Somehow we managed to get to the end of lunch without Paul shooting me. He returned to his duties while I joined Russ and Ali in the welfare tent, hoping to watch some TV. Unfortunately the air-conditioning wasn’t working, so we crashed in the transit tent. It had eight bunk beds, all of them with proper mattresses and, most importantly, the air-conditioning was working. The three of us had plenty of room; the only other occupant being a dog-handler called Alan. He’d brought his dog in with him, a black-and-white springer called Memphis.
“He’s four years old,” said Alan. “This is his fourth tour.”
Fourth tour
. Poor old Memphis. He looked exhausted, like a dog three times his age. Four tours in four years was outrageous. He should’ve been back in England, with grass under his paws, not sand. I gave him a scratch behind the ears, looking into his big droopy eyes.
Oh Memphis, what are we doing here?
At that point, to my amazement, he growled at me. I’d never been growled at by a springer before. I was confused and a little bit unnerved, a combination that triggered all sorts of questions. What was wrong with him? What was wrong with me? Could he tell where my hand had been? Did he know I’d been stroking another dog, just seconds before its death?
I had always been a great believer in the psychic capabilities of dogs. Monty and Trudie, my mother liked to assure me, would always start barking precisely five minutes before my arrival on the doorstep at home. What was that, if it wasn’t a supernatural gift?
Memphis stayed with us in the tent that night, lying on the bed alongside his master’s legs. Despite his fondness for growling, it was good to have him there, snoozing on his little blanket. He brought to mind a catalogue of images from a more comforting
world, evoking long walks in the countryside, muddy boots on the porch and foamy pints of bitter by the fire. I fell asleep to the sound of his gruff breathing, wondering whether he was happy or sad, wondering whether he dreamt of Afghan fields or English meadows.
We filmed the police graduation ceremony the following morning. Memphis did his thing, sniffing around the ISO containers that surrounded the parade square, looking for any suspect devices. Security had to be tight, with a dozen Afghan dignitaries watching the ceremony from a row of seats on the front edge of the square. In the middle of this audience was Helmand’s Chief of Police, a beefy character called General Hakim Angar. Around 150 recruits took it in turns to march across the square to collect a graduation certificate from him. He would’ve made a nice big target for any would-be assassins, but thankfully none of the recruits felt the need to start off their careers by killing the boss.
I interviewed him after the ceremony. We needed his input for some all-important “Afghan face”. Despite his busy schedule, he was more than willing to stop and talk, his interpreter rendering his Pashto into a number of media-friendly soundbites for my press release.
“This was a very good ceremony,” he said. “I can see the recruits are very disciplined and they’ll be very good at their jobs. When they go back to their checkpoints and their neighbourhoods, the people will see they’ve got a professional police force.”
Paul meanwhile was saying nothing. Having made vague assurances about giving us an interview at some point during our stay, he’d been doing a very good impersonation of a man who was trying to avoid being interviewed at all costs. Whenever an opportunity arose to say a few words, he’d found something else to do, something more important. At lunchtime, with our transport about
to return to Lashkar Gah, I tried to corner him one last time, but he couldn’t get away from me fast enough.
“He doesn’t like doing interviews,” said Ali, who’d managed to have a couple of normal conversations with him. “He thinks of it as grandstanding.”

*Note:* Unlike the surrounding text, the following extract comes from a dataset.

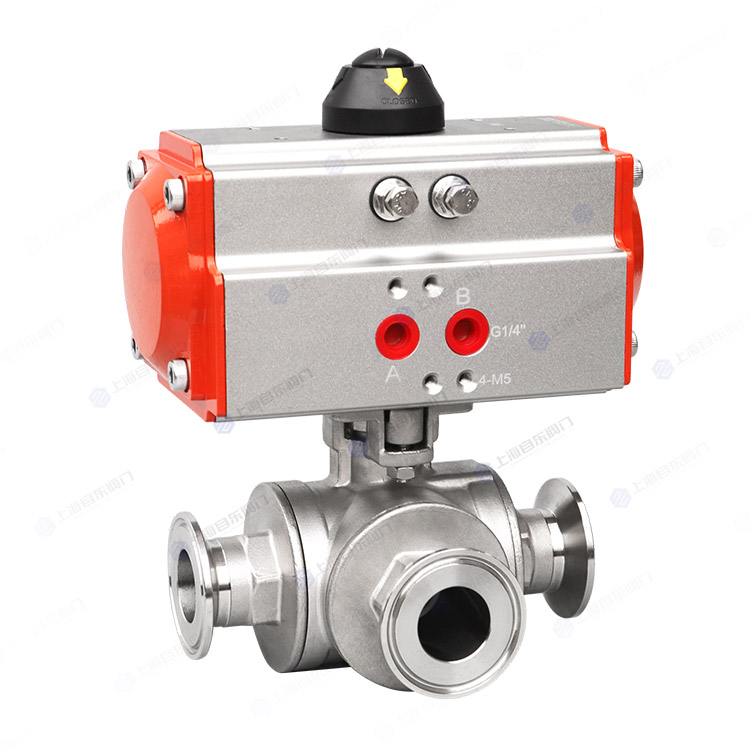 气动三通快装球阀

In the end I interviewed Paul’s boss back at Lashkar Gah, Lieutenant Colonel Fraser Rea. We met him outside the Gurkha temple (more of a tent, really) next to the TFH office, just after its inaugural service. He had a red dot in the middle of his forehead and a purple flower behind his ear, but they soon came off. The notion of grandstanding was not a concern, and he was happy to answer a few questions.
* * *
Back at Bastion, we learnt that the Checkpoint Blue 25 inquest had again been put on hold. It would now take place later in the month. Regardless, Russ still edited his footage, Ali still collated the best of her photographs, and I still wrote up a couple of press releases for national and regional media in the UK (Lieutenant Colonel Rea was originally from Scotland). TFH had said they would now be responsible for marketing the content, so once we’d done all the cutting and polishing we sent it over to them for distribution.
With all that done, we had a couple of empty days in our schedule. This meant loitering in Bastion, waiting for our next job. Consequently I spent a fair few hours at my desk, trying to look busy. This was no easy task, and the time would drag, but it was worth hanging around just to marvel at some of the characters that occasionally strayed into the office.
At one point a rather large, matronly naval officer walked in, returning a camera she’d borrowed from Ali. She was a practice nurse
from the hospital’s Primary Healthcare Department. In her spare time she would visit Bastion’s handling facility for detainees,
*
giving our guests there some moral support. She wrote poems about them, and had tried – and failed – to get permission to photograph them.
“Some of them are not very pleasant people,” she said. “But some of them are quite chatty.”
As for the war itself, that seemed to be on hold. Evidently the insurgents were still preoccupied with the opium crop. The main item in Faulkner’s brief that evening concerned our food supplies.
“You may have noticed a lack of choice in the cookhouse recently,” he told us. “It’s because half a delivery of protein – in other words, meat – and pudding went bad in transit. So two planes carrying 150 tonnes of pudding and protein are being lined up. Until then, we may have to use some US supplies, so expect lobster tails.”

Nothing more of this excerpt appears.